Records for processing Start Marker
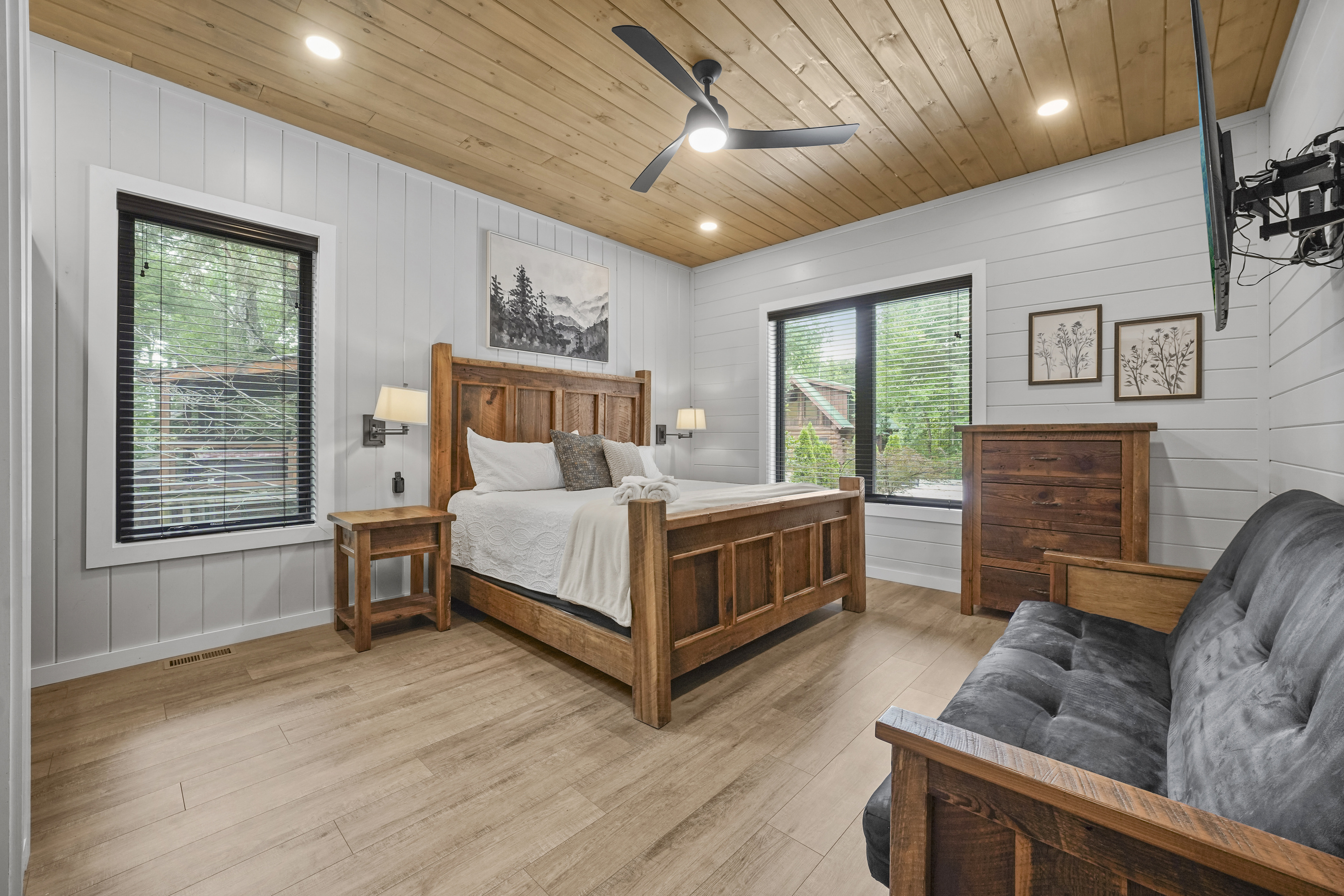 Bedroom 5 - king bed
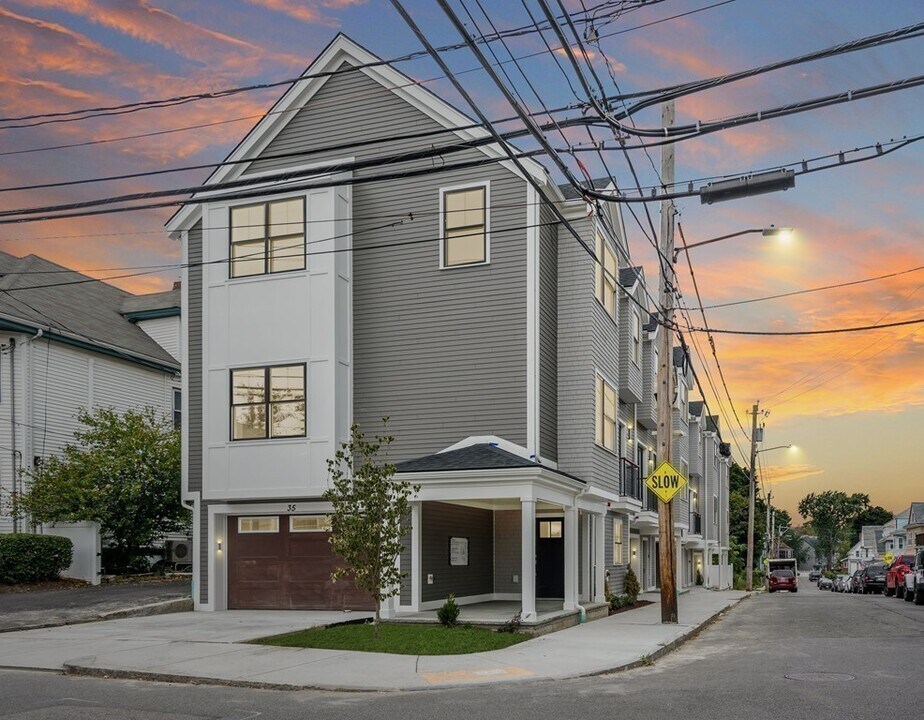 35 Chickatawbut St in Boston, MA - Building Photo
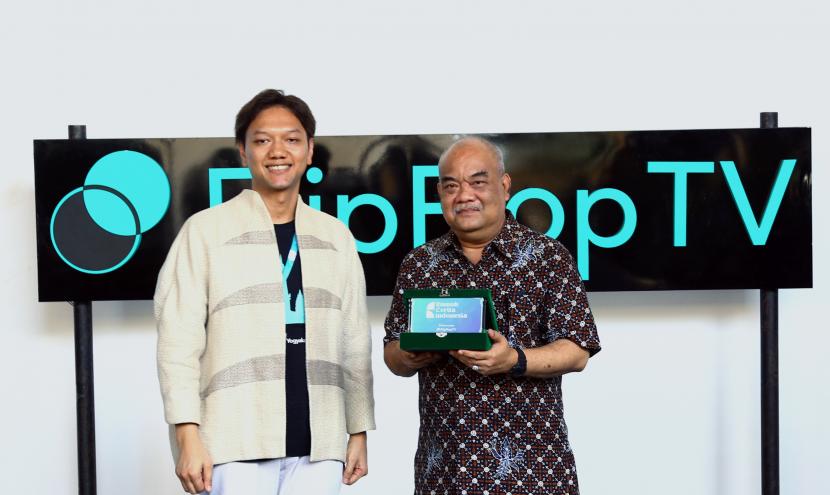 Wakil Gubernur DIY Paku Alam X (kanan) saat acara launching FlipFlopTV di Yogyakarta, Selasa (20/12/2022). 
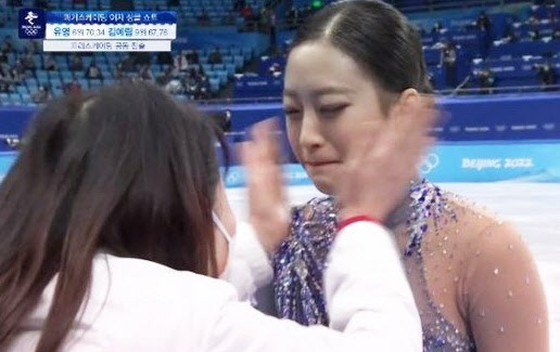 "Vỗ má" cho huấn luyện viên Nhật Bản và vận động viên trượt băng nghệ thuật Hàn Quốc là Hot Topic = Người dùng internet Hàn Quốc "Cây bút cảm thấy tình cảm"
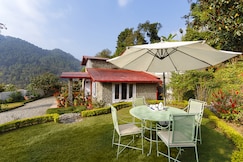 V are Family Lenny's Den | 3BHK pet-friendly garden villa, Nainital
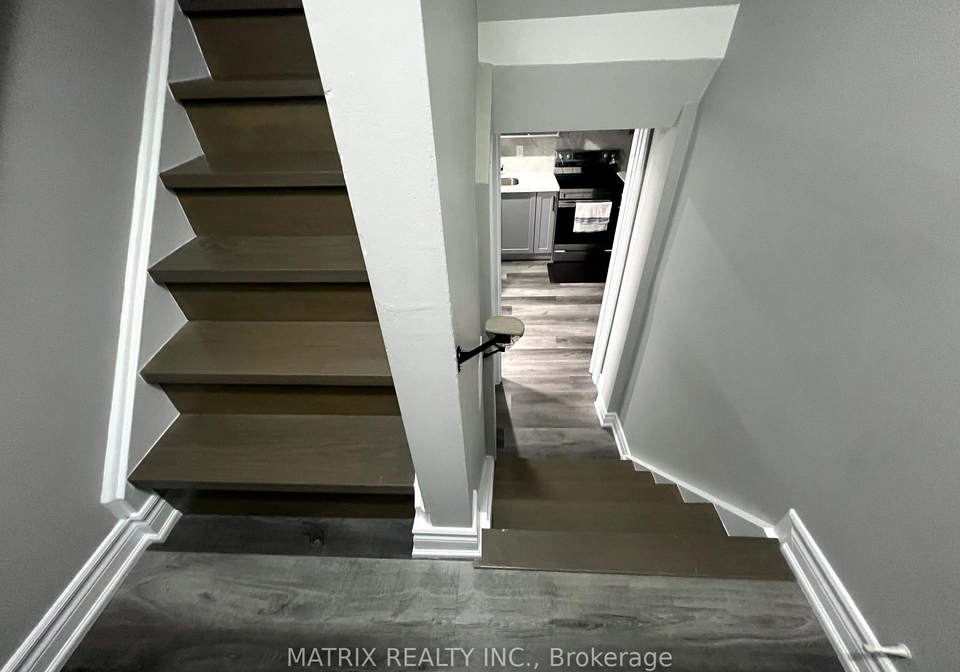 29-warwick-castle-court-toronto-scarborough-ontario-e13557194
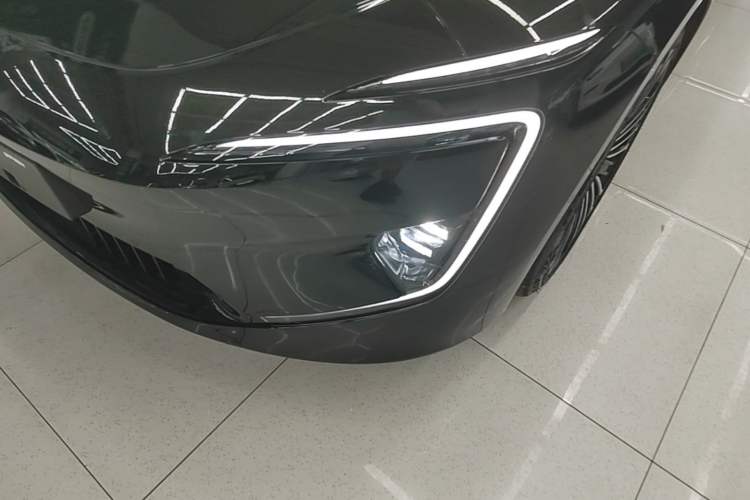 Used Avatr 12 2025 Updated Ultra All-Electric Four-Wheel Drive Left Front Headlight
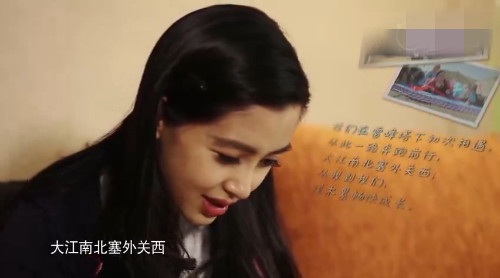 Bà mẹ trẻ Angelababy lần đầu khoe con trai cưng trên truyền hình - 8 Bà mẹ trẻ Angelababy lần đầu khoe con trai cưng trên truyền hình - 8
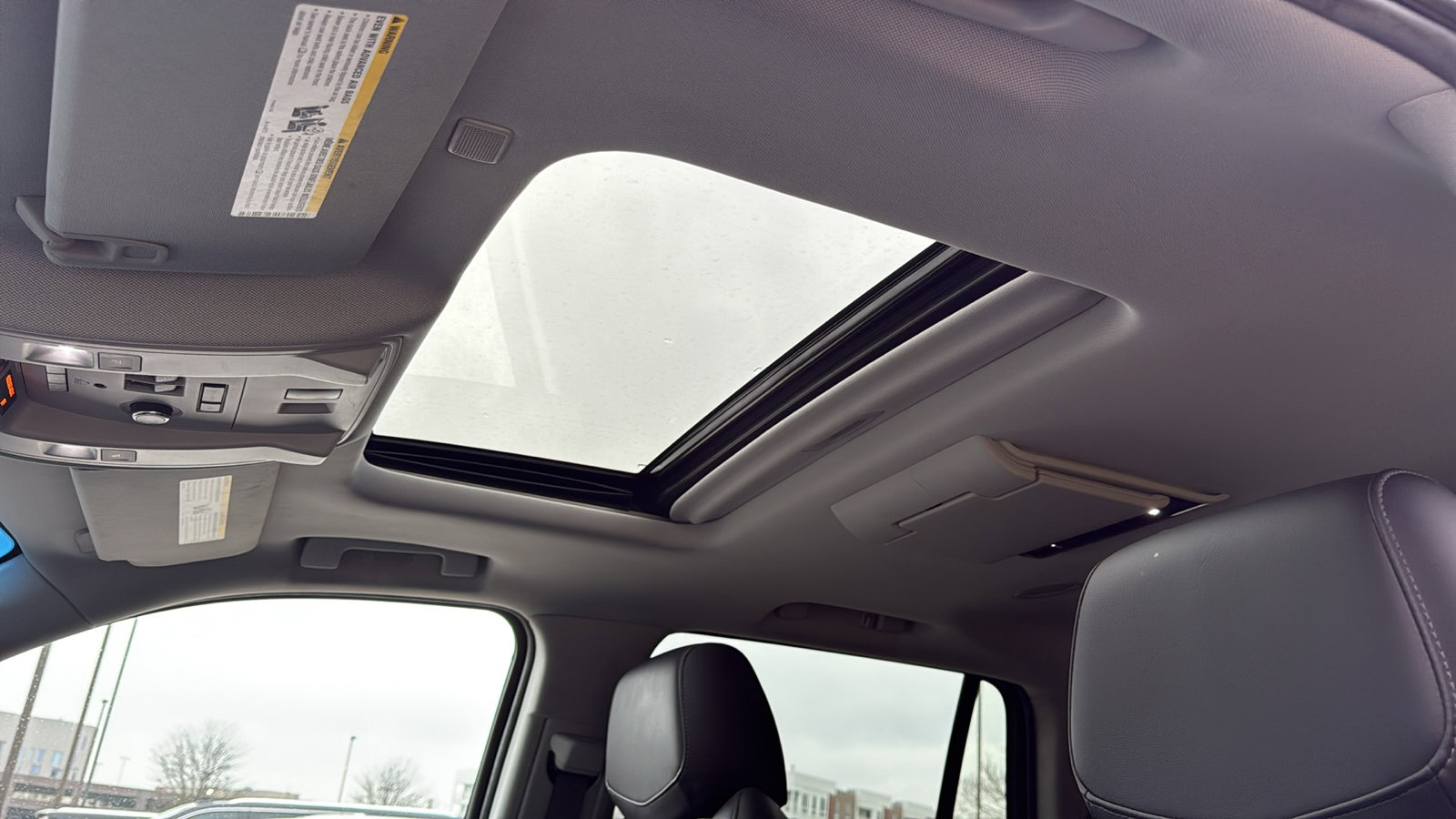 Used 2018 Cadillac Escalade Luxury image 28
Records for processing End Marker
-- Problem details --
What is needed here is an exact copy of all the entries, without the pictures.

-- Task solution --
 Bedroom 5 - king bed
 35 Chickatawbut St in Boston, MA - Building Photo
 Wakil Gubernur DIY Paku Alam X (kanan) saat acara launching FlipFlopTV di Yogyakarta, Selasa (20/12/2022). 
 "Vỗ má" cho huấn luyện viên Nhật Bản và vận động viên trượt băng nghệ thuật Hàn Quốc là Hot Topic = Người dùng internet Hàn Quốc "Cây bút cảm thấy tình cảm"
 V are Family Lenny's Den | 3BHK pet-friendly garden villa, Nainital
 29-warwick-castle-court-toronto-scarborough-ontario-e13557194
 Used Avatr 12 2025 Updated Ultra All-Electric Four-Wheel Drive Left Front Headlight
 Bà mẹ trẻ Angelababy lần đầu khoe con trai cưng trên truyền hình - 8 Bà mẹ trẻ Angelababy lần đầu khoe con trai cưng trên truyền hình - 8
 Used 2018 Cadillac Escalade Luxury image 28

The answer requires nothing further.